L'uomo interiore è un esploratore

Per mostrare la vanità delle chiacchiere e il valore dell'esperienza Cassiano presenta alcuni esempi: chi non sa nuotare può chiedersi come il suo corpo possa rimanere a galla. Le lezioni di un maestro di nuoto gli possono servire, ma più ancora il tuffarsi. Uno può dire che il miele è dolce a chi non l'ha mai assaggiato. Le parole che raggiungono l'orecchio non possono però fargli sentire il gusto. Deve assaggiarlo lui. Dopo può conoscere la soavità del miele.
Succede la stessa cosa per il cammino interiore e per le metamorfosi che l'accompagnano. Non esiste conoscenza senza esperienza. La scienza spirituale poggia sull'esperienza.
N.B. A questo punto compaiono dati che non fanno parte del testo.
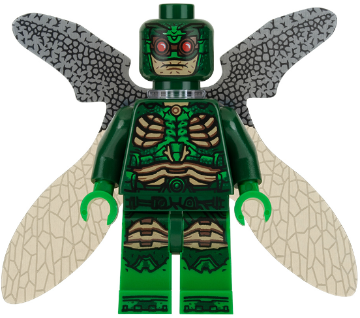 Parademon - Dark Green, Collapsed Wings (sh0433)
Non può essere comunicata dall'esterno; si può solo invitare a mettersi in cammino. Un'agenzia di viaggi può tentare di descrivere la bellezza delle cascate del Niagara o delle cime dell'Himalaia, ma il viaggiatore dovrà fare il viaggio per scoprirle. Per di più l'uomo interiore non è un turista, ma un esploratore. Per lui niente sostituisce l'esperienza, anche perché con questa egli raggiunge una dimensione nuova che deve incontrare personalmente. L'uomo spirituale non si trova soltanto davanti ai due infiniti di cui ha parlato Pascal: la sua lucidità gli permette di sapere che, nella dimensione spirituale, esistono gradi illimitati.
 
[Marie-Madeleine Davy, L'uomo interiore e le sue metamorfosi, trad. it., Editrice Ancora, Milano 1995, pp. 130-131]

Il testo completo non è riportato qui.